Good point by @Joe Clark. So there are various competing formats for captions and subtitles. The W3C standard is DFXP, YouTube for example supports Subviewer (.sub) and SubRip (.srt), and of course there are other timestamped formats for synchronizing content, like SMIL and DAISY. Would it be unreasonable to expect a native browser video player to be compatible with several of them?

Comment by Bruce

Not unreasonable at all, Martin.

I wonder if Sun’s promising OMS format will allow accessibility information to be embedded in it as well?

But are there any authoring tools that I can easily use now to add transcript information to audio and captioning info to videos?

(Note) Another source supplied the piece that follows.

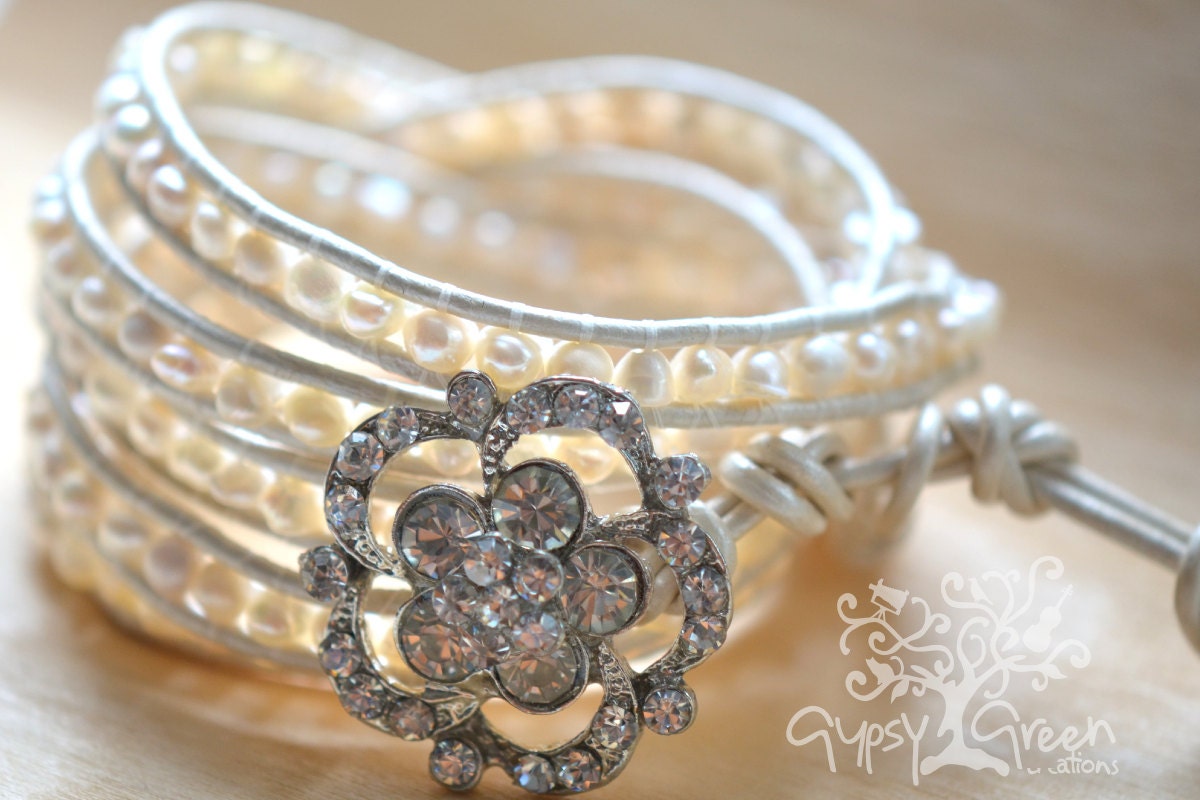 Bride/Bridesmaid Antiqued Rhinestone Beaded Leather Wedding Wrap Bracelet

Joe Clark – great to see you here again.

Comment by John Foliot

@Joe Clark – keep up friend: JW FLV Player ( and Ohio State U’s ultra-accessible take on the same player ( supports DFXP (and I believe is moving to make it the native format for the player), as does NCAM’s ccPlayer (

@Aaron Bassett & @Bruce: Silvia Pfeiffer ( did some great research as part of a Mozilla grant looking at the issue (and especially, Bruce, the difference between in-band and out-band ‘transcripts’ – in-band for ‘one-file’ downloads and out-band for SEO and accessibility within native browser environment. Good stuff and documented here:

I know she had some dialogue with the WHAT WG W3C HTML5 WG (with a tip of the hat to Mark Pilgrim), but am not sure whether his highness has deemed it worthy of processing.

Comment by Martin Kliehm

Re: Tools. I would try MAGpie and compare it with CaptionTube for YouTube (can’t paste any URLs because I’m on the iPhone, but they should be easy to google). Software vs. web application should give you a good idea of the capabilities of these tools. And while you’re at it you could try to upload DFXP to YouTube and test if is supported. A commenter on my blog suggested it could work, but nobody has checked it recently. ;-)

Comment by Joshue O Connor

Good write up Bruce.

To me it seems that the big issue (at this stage anyway) is with the accessibility of the player controls (as such) that are built into the browser, more so than the accessibility of the content itself.

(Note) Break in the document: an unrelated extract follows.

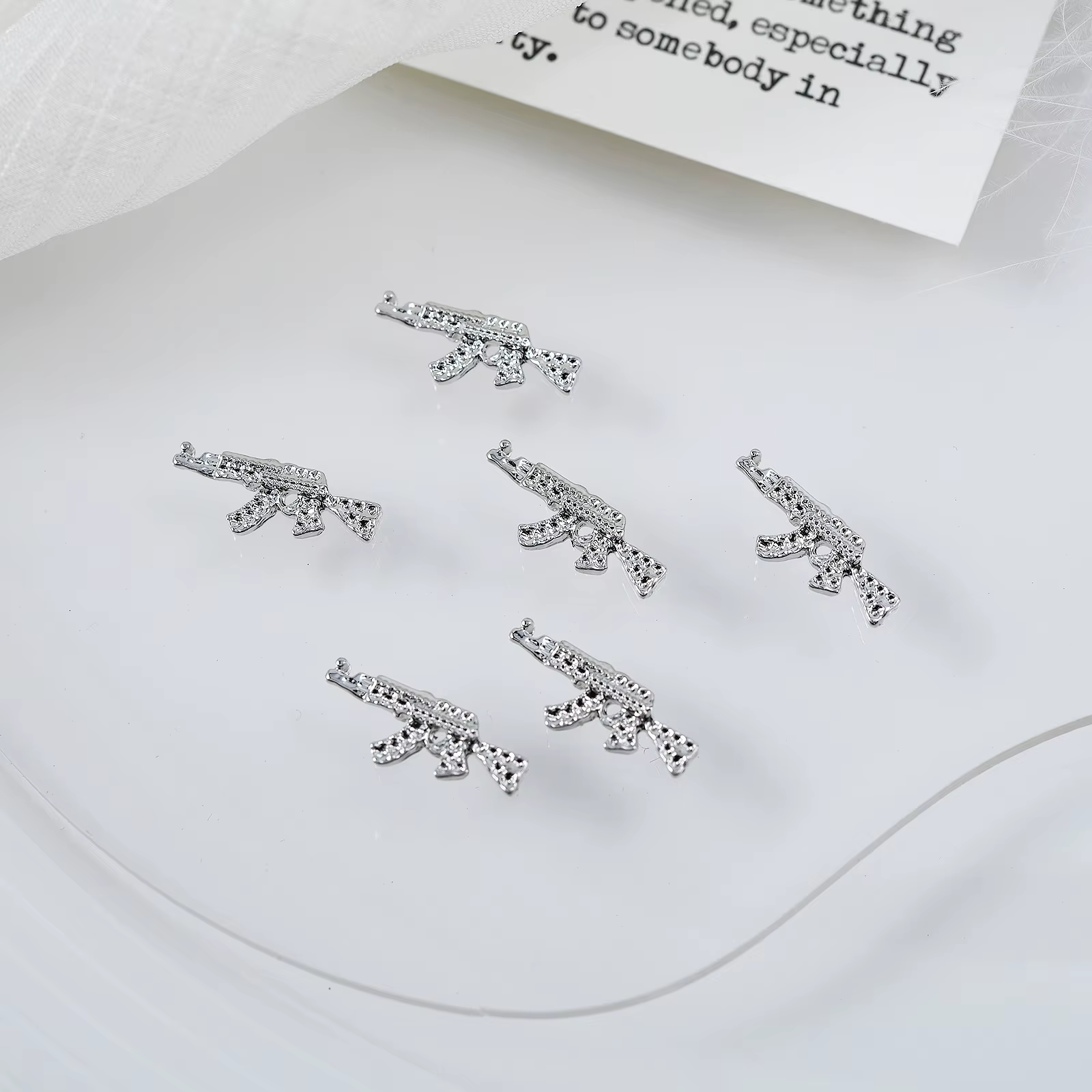 20 pièces de luxe rétro argent pistolet ongles breloques alliage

The very idea that content can be rendered directly in the browser without the need for third party plugins is great. The HTML 5 spec needs to therefore provide accessible controls for users to manage that content and it will have to anticipate and support diverse user needs. Simon Pieters comment about dropping autoplay and authors just scripting that behaviour is prescient.

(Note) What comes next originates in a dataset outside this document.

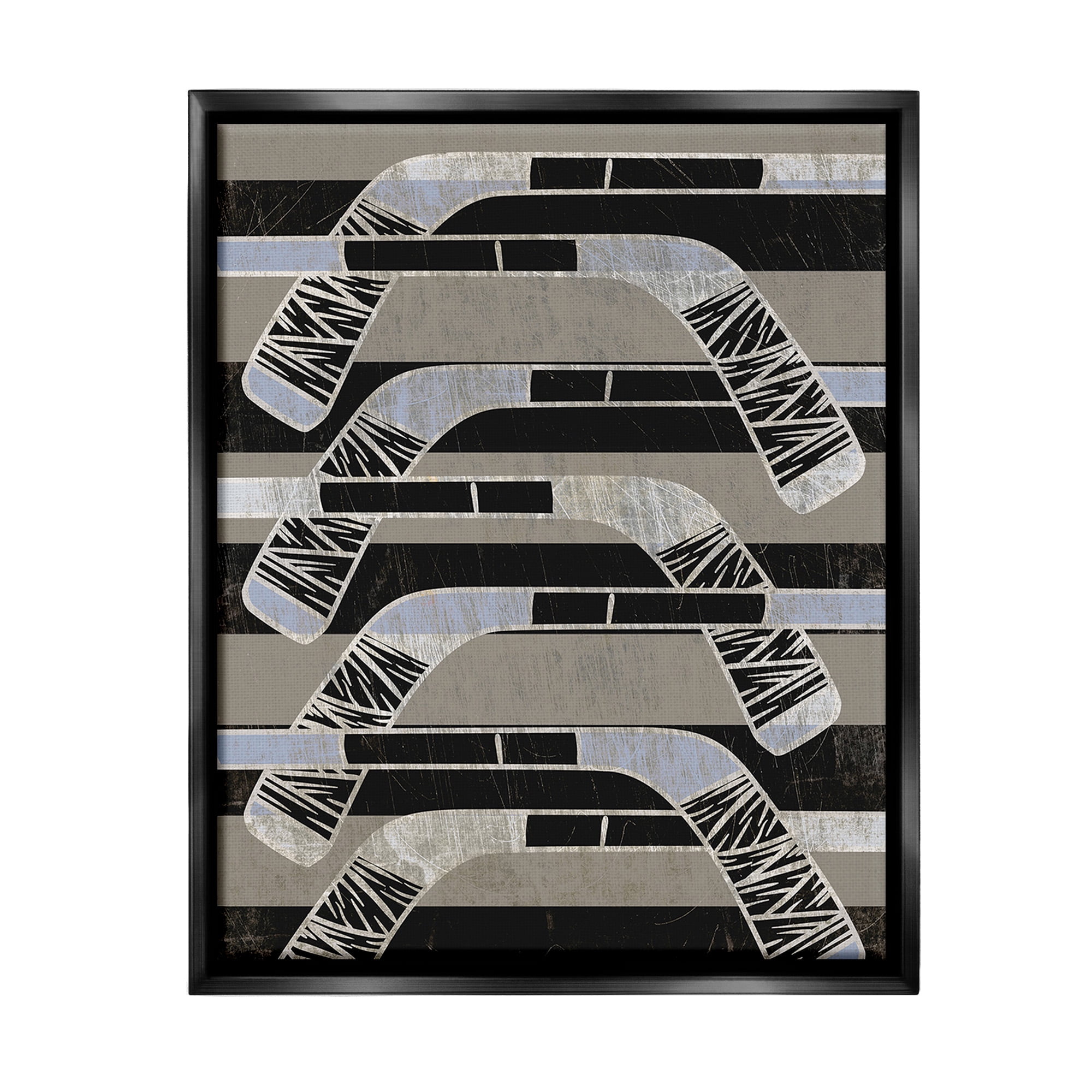 Stupell Industries Modern Hockey Sticks Sports Painting Black Floater Framed Canvas Art Print Wall Art, 25 x 31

The element seems to be going a long way to achieving this. I can’t (yet anyway) find things that jump out at me as plain wrong. The biggest chestnut is getting users to upload video content that supports the needs of people with disabilities, and this same issue spans multiple elements and APIs in the spec.

Advice should be therefore taken from UAAG as this provides guidance for vendors. It goes without saying (but I’ll say it anyway) that video should support accessibility as much as possible, of course, and I think so far it looks pretty good.**

** Note my hat is off and I have salt at the ready should I have to dine on it.

Comment by GusZus

I try to research if there is a way to prevent the video-files from loading before a user request it. Only the image spezified by the poster-attribut should load its resource. After all a 45MB video-file is much larger than a 235KB image-file. And bandwidth is also a accessibility concern.

Flash kann do this by just loading an swf file and then on further request the video file.

If you can’t do this with HTML 5 video, you can’t really use it. Of course there could be some useragent preference to behave this way, but i think it should be the default.

Does someone have information about this? I’m unable to find an answer in the HTML 5 spec.

Comment by Philip Jägenstedt

GusZus, apart from requiring that the document load event be delayed until the first frame is decoded (if there is no poster attribute), the spec leaves it up to the UA when to fetch data and how much. Expect the default behavior to improve as browsers compete to provide the best experience. Still, if browsers are currently doing too poor of a job, you could simply use a script to replace an img element with a video element when clicked.

Comment by GusZus

Thanks for your comment Philip Jägenstedt.

I think your right, and i found out about this mozilla bugreport regarding stopping download after the DOM ready state is HAVE_CURRENT_DATA.

Also the autobuffer attribute as a hint to download the whole video immediately makes only sense if it is expected that the useragent will at least not always do this by himself.

My testing with Firefox 3.5 shows that this bug seems to be fixed. It doesn’t load the video until i start playback.

But sadly Safari 4 does.